Each PVI county profile is calculated using Toxicological Prioritization Index (ToxiPi) software, which integrates data within a geospatial context. ToxPi*GIS is meant to promote the development of targeted, effective community policies. ToxPi*GIS was created by the Reif Lab at North Carolina State University. The overarching goal of the lab is to understand the interactions between human health and the environment through the application of analytical/visual methods and experimental design. Data sources include epidemiological studies of human health, high-throughput screening (HTS) of environmental chemicals and model organism data. The lab is run by Dr. David Reif (Professor in the Department of Biological Sciences) and members include students from several degree programs as well as post-doctoral and senior scientists.

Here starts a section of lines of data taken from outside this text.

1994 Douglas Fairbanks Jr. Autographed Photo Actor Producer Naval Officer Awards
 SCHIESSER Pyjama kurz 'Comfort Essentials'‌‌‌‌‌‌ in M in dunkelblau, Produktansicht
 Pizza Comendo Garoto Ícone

The California Healthy Places Index is made available by the Public Health Alliance of Southern California. Their mission is to “make health equity and racial justice a reality” through collaboration and data (https://www.thepublichealthalliance.org/). They engage in advocacy and mobilization to generate this change. They are composed of a coalition of executives representing 10 local health jurisdictions in Southern California (including Long Beach, Los Angeles, Orange, and Riverside, among others), an area they highlight as representing 60% of California’s population (with which they blur the boundaries between “California” and “Southern California”).
The alliance emphasizes pursuing equity using publicly available data and collaboration (with government agencies, legislators, hospitals, health plans, philanthropy, and community advocates). They present the Healthy Places Index (HPI) as a tool for exploring how life expectancy is impacted by community conditions.
More specifically, the HPI was created by a steering committee made up of epidemiologists and 3 public health coalitions led by the alliance.
Louisiana State University (LSU) School of Public Health
Mission: “To collect and report complete, high-quality, and timely population-based cancer data in Louisiana to support cancer research, control, and prevention.”
The LTR was formally founded in 1979 under the auspices of Louisiana’s Office of Public Health.
In 1992, the U.S. Congress passed The Cancer Registries Amendment Act making official a national program of cancer registries and monies to fund them.